The adaptation leans harder into that Agatha Christie on a superyacht vibe: rich people, fake identities, family money, and a scheme that is just plausible enough to be fun and just contrived enough to make you roll your eyes a little. Several reviewers called out the film’s whodunit / Christie flavor, even while complaining that the plotting gets quite contrived by the midpoint.

One of the biggest “adaptation swings” comes at the end: the film gives Lo a much more active, cathartic role in dealing with Richard Bullmer. Without spoiling the book for anyone else in your life, let’s just say the movie hands her a hatchet and says, “Go get some closure.” Ware has explicitly said she liked that change, arguing that the book’s twists wouldn’t translate well visually and that this more decisive ending works better on screen.

Page vs. Camera: What the Film Gains
Visually, the adaptation has a huge advantage: it actually puts you on the boat.

The Aurora Borealis (or, in real life, the superyacht Savannah) is gorgeous, menacing, and just cramped enough to feel claustrophobic once you realize someone on board is lying—and maybe killing. The glassy decks, mirrored interiors and vast dark water make a perfect metaphor for everyone’s carefully curated façades and deep secrets. The film really sells that sense of luxury turning sour.

A few sequences work better on screen than on the page: the first glimpse of the woman in Cabin 10, the blood by the balcony, the sickening splash in the night. The camera can simply show you things Lo might be over-interpreting in the novel; the tension comes from seeing her panic smash into the ship’s smooth PR machine in real time.

And then there’s Knightley herself. Even lukewarm reviews tend to say she basically keeps the film afloat: she’s sharp, jittery, and convincing enough that you believe someone this observant would notice the cracks in the story everyone else is selling.

What Gets Lost Overboard
Every adaptation pays a price, and this one mainly pays with nuance and weirdness.

Because we’re not stuck inside Lo’s head, the movie can’t lean as heavily into the unreliable-narrator angle. It also has to compress a slow-burn novel into 95 minutes. A lot of the book’s breadcrumb trail (emails, news clippings, small offhand comments that later matter) gets reduced to a cleaner, simpler spine: see scream → see splash → no one believes her → conspiracy revealed → showdown. Several critics complained that tension more or less evaporates in the second half, once the big twist is out in the open and we’re in “run, fight, escape” territory.

If you loved the book for its slightly messy, internal, paranoid feel—where you’re never quite sure whether to trust Lo or the narrative itself—the movie is going to feel more like a glossy, neatly lit version of something that originally thrived in the dark.

Quirky Verdict: How Good Is It As an Adaptation?
As a standalone Netflix thriller, The Woman in Cabin 10 is like a surprisingly decent cocktail you get on an all-inclusive cruise: pretty, drinkable, maybe a bit watered down, but still fun enough while you’re poolside.

As an adaptation, it’s more like someone took your favorite complicated craft cocktail and re-engineered it for mass production.
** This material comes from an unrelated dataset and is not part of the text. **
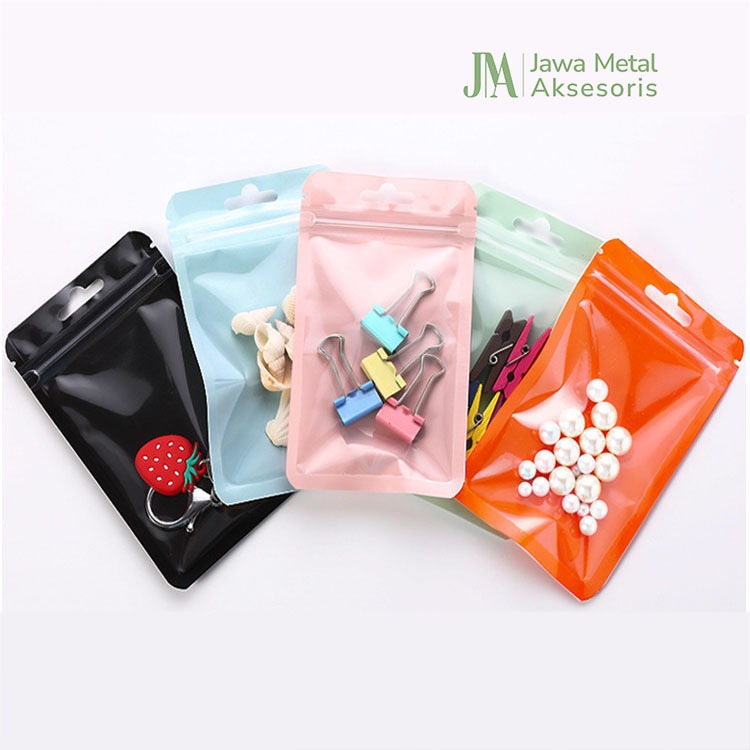 Jawa Plastic Bag Packaging Ziplock Colorful Pastel Color Packaging ...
The core flavors are there:

  • woman witnesses something no one believes
  • closed setting full of rich suspects
  • a quietly raging theme about how easy it is to dismiss a woman’s testimony

…but the bitters and weird herbal notes—the messy mental health stuff, the deep internal doubt, the odd structural flourishes—have mostly been smoothed out or swapped for something more straightforward and cinematic.

If you go in wanting a faithful emotional translation rather than a scene-by-scene recreation, it mostly works. Ruth Ware herself has called the experience of watching it “surreal” but says she’s happy with how it captures the story’s emotional core, even with major plot changes.

If you go in wanting the book, just… on a screen, you’ll probably spend the whole runtime gripping your metaphorical life jacket and muttering, “But that’s not how it happened.”

Quirky rating, purely on adaptation terms:

  • Faithful to the spirit: 4 out of 5 life jackets
  • Faithful to the letter: 2 out of 5 mascara-smudged cabin keys
  • Overall adaptation vibe: a solid, slightly wobbly 5 out of 5 splashes in the night.